12月11日、公立大学協会は、国立大学協会、日本私立大学団体連合会、日本学術会議 と連名で、各団体が協力して研究の健全性向上のために活動することを宣言する 「科学研究の健全性向上のための共同声明」を公表し、記者会見を行いました。
記者会見には、本協会からは中村慶久副会長(岩手県立大学長)が出席しました。
科学研究の健全性向上のための共同声明
我が国の研究機関は、種々の学術分野で世界の拠点の一角を占め、数多くの重要な成果を挙げてきた。このことは、我が国の研究者がノーベル賞をはじめとする国際的な学術賞の受賞者に数多く含まれていることからも明らかである。 一方で、研究費の不正使用、データのねつ造や改ざん、盗用に代表される研究活動における不正行為が後を絶たないという問題が存在している。
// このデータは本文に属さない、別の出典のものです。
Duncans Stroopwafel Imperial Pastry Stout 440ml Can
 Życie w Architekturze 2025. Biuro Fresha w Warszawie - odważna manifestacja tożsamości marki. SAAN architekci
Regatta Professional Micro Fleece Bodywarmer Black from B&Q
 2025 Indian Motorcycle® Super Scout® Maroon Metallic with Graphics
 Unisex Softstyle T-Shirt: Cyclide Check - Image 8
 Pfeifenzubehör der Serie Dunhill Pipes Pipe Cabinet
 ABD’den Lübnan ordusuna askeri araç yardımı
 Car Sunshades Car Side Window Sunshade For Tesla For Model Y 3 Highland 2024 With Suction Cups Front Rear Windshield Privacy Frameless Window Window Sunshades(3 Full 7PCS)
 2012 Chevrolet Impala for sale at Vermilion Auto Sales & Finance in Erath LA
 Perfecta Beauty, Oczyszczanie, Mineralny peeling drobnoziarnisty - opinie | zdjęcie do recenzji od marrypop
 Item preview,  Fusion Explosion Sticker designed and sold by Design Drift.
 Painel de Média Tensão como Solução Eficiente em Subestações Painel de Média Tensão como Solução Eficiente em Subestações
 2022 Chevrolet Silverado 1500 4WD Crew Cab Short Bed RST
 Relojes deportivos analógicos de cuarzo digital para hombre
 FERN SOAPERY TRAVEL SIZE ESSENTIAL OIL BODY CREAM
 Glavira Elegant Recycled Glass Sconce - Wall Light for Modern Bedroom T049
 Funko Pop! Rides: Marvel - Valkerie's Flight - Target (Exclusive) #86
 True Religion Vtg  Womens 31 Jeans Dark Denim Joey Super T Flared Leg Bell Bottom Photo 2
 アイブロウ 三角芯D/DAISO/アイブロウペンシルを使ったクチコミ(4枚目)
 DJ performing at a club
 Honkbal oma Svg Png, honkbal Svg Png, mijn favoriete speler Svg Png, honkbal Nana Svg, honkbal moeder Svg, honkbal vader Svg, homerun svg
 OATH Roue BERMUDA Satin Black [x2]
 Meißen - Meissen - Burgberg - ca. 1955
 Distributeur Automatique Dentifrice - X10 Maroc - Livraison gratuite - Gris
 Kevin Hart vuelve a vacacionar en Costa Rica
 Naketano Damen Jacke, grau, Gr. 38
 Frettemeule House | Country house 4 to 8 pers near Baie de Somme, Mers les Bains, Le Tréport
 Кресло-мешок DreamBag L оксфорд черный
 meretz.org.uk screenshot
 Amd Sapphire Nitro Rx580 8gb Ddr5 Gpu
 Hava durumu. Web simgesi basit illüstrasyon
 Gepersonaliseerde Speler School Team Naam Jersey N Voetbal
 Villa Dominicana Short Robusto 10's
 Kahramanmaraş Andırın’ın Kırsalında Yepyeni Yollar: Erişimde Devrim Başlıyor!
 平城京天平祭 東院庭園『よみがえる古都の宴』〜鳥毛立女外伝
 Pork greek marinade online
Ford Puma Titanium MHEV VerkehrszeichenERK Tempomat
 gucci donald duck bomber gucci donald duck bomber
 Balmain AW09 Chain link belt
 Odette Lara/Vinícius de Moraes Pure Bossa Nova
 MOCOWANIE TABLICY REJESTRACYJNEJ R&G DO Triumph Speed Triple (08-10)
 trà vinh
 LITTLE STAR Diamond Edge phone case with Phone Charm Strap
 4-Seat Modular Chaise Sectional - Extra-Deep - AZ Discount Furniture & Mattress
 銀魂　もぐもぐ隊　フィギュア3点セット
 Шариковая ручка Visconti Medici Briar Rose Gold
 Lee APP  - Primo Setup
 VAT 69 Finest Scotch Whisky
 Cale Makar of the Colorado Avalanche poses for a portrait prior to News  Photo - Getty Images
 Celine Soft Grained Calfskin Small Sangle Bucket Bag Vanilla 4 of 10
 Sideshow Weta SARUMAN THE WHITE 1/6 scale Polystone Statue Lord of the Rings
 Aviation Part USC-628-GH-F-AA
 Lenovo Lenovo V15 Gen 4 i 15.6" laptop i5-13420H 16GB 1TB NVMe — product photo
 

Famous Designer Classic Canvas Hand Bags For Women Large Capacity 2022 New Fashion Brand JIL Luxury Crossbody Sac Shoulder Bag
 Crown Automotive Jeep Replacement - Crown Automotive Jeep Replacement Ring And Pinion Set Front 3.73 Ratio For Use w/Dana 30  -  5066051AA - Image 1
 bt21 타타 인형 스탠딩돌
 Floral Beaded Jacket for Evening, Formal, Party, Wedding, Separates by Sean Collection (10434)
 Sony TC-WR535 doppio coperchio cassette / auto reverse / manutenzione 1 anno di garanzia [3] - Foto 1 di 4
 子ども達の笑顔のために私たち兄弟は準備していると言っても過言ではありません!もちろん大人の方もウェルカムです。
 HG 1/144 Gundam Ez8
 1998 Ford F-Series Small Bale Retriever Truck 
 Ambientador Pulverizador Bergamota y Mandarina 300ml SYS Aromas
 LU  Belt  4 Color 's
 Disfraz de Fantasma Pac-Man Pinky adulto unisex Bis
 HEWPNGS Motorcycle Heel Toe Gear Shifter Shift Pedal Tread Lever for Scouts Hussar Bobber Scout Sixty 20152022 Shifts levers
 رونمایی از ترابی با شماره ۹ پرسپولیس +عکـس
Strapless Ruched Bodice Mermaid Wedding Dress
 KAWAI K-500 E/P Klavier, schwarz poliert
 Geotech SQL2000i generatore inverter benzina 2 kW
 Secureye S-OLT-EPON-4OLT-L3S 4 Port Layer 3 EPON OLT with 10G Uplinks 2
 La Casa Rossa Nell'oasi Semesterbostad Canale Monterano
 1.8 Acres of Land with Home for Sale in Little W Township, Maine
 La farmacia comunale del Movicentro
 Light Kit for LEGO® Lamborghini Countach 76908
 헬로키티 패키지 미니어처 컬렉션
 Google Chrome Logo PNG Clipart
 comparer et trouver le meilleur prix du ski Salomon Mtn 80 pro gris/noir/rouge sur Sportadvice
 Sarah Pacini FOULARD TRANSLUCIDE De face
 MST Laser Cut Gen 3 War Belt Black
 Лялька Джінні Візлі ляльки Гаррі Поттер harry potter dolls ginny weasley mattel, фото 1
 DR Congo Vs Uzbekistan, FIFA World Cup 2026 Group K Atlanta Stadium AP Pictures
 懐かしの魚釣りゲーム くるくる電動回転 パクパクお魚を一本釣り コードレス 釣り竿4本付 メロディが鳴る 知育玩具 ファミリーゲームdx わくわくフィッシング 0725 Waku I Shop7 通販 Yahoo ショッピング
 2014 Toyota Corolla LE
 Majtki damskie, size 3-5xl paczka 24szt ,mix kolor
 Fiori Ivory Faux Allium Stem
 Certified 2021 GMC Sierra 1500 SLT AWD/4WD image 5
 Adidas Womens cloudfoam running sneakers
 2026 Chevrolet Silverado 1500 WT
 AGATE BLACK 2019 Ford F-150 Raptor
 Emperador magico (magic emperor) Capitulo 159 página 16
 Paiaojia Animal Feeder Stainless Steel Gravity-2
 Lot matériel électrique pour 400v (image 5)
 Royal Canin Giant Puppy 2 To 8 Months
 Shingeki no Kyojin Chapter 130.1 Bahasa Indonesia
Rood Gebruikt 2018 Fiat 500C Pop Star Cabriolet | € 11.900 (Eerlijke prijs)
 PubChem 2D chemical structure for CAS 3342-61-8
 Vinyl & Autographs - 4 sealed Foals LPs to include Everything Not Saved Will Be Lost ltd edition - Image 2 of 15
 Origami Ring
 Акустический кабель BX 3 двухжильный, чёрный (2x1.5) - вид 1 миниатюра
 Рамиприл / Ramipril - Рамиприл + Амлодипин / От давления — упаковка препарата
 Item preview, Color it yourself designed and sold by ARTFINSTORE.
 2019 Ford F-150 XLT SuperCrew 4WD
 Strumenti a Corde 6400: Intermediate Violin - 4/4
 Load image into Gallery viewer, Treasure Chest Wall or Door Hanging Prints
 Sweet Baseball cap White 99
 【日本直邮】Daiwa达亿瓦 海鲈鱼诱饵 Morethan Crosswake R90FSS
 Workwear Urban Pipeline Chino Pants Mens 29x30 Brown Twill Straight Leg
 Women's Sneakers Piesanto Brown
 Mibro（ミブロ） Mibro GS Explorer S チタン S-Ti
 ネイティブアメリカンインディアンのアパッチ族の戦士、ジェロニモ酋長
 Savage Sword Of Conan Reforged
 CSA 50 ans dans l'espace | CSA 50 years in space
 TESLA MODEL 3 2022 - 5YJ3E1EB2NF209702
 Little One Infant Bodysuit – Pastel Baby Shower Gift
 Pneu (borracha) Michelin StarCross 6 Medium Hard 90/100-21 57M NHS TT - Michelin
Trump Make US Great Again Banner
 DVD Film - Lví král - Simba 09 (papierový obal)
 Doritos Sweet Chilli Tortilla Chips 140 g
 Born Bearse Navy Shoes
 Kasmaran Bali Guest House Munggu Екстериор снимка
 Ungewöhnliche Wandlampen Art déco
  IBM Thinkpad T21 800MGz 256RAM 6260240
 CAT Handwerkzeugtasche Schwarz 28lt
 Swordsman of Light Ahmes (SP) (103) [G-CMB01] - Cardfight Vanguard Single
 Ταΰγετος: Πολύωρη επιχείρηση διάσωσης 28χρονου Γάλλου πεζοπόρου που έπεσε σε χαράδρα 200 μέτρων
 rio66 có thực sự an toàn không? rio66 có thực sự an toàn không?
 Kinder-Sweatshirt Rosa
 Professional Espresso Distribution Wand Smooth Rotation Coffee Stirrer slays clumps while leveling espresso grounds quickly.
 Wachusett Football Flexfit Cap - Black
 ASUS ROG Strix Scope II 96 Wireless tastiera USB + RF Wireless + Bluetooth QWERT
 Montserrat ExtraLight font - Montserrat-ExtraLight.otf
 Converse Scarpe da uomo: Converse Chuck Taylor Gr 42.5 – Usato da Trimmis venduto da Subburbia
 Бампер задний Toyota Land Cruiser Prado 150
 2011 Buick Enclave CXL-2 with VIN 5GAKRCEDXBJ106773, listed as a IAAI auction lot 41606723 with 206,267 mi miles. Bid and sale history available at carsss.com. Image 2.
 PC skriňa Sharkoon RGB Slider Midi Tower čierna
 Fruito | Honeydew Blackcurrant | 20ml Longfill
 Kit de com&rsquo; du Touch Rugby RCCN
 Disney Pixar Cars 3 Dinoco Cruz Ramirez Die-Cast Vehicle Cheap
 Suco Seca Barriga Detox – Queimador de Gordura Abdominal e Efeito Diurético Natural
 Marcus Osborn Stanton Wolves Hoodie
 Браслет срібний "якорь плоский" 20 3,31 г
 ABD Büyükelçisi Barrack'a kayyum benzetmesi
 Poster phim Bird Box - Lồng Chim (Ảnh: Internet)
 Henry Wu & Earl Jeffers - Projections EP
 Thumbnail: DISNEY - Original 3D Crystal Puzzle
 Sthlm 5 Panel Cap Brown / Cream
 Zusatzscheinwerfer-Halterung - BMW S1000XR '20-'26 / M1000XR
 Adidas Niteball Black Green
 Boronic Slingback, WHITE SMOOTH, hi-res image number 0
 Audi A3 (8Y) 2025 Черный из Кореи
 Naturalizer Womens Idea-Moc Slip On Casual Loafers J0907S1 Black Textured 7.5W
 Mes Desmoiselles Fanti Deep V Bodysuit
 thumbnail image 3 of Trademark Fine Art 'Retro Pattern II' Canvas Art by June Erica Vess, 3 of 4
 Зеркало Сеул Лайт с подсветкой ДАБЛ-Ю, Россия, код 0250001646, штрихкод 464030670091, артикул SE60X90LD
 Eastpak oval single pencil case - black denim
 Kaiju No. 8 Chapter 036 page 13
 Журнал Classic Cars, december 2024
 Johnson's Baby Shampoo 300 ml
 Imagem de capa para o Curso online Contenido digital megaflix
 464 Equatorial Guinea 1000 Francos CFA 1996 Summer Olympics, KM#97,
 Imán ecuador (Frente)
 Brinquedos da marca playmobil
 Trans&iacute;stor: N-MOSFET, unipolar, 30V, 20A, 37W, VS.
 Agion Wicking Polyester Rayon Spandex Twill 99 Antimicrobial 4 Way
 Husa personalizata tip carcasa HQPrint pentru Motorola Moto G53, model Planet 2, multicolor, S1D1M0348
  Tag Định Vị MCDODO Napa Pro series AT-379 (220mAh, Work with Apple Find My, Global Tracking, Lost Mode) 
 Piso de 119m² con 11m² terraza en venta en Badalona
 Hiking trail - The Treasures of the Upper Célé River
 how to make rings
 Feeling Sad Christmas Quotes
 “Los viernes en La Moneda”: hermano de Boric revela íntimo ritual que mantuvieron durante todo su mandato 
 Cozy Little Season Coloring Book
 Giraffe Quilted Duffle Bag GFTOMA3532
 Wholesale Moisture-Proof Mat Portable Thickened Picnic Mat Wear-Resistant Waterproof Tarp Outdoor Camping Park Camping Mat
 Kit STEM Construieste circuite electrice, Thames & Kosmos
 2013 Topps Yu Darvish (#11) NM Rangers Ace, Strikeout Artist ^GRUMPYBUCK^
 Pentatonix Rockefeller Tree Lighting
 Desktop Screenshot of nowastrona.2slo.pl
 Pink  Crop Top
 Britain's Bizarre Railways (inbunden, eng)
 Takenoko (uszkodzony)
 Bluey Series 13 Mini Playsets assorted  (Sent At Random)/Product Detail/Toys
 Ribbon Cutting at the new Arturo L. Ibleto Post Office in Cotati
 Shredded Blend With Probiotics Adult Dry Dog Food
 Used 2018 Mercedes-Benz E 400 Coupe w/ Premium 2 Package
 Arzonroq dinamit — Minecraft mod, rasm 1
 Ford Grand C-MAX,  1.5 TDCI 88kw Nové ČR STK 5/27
最近も、研究費の不適切な使用、データねつ造等の論文作成における不適切な行為等の研究活動に対する社会的な不信を招く事案が大学等の研究機関で多発しているのは、残念ながら事実である。 一般社団法人国立大学協会、一般社団法人公立大学協会、日本私立大学団体連合会及び日本学術会議は、我が国の学術界が、日常的な研究活動における研究の健全性を飛躍的に強化するとともに、研究者の育成において一人ひとりの研究者の規範意識を高めるための対策を講じることによって、我が国及び国際社会における学術研究に対する信頼性を回復して、さらにそれを高めていくことが急務であると考え、以下のとおり決意を表明し、我が国の学術界の責務として、各団体が協力して研究の健全性向上のために活動することを宣言する。 1 大学等の研究機関は、世界における研究活動の中心の一つとしての役割をさらに高めていくため、研究活動における不正行為、研究費の不正使用を許さず、世界の範たる健全な研究を遂行する。もし疑惑が生じた場合には、第三者の協力を得つつ、組織の責任として、適切な方法で迅速・的確に対処する。 2 研究活動における不正行為、研究費の不正使用の防止には予防的な措置が不可欠であり、大学等の研究機関は、すべての研究者が健全な研究活動を実践できるよう、広く研究の倫理を含めて、適切な学習プログラムの履修を義務付けるとともに、これらが実効性あるよう、継続的に評価・審議していく。 3 大学等の研究機関及び日本学術会議は、我が国の科学者コミュニティの主要な一員として、研究活動における不正行為、研究費の不正使用に対する厳正な対処予防のための学習プログラムの開発と普及に向けて相互に協力し、我が国の科学研究に対する国内外の信頼を高めるために全力で取り組む。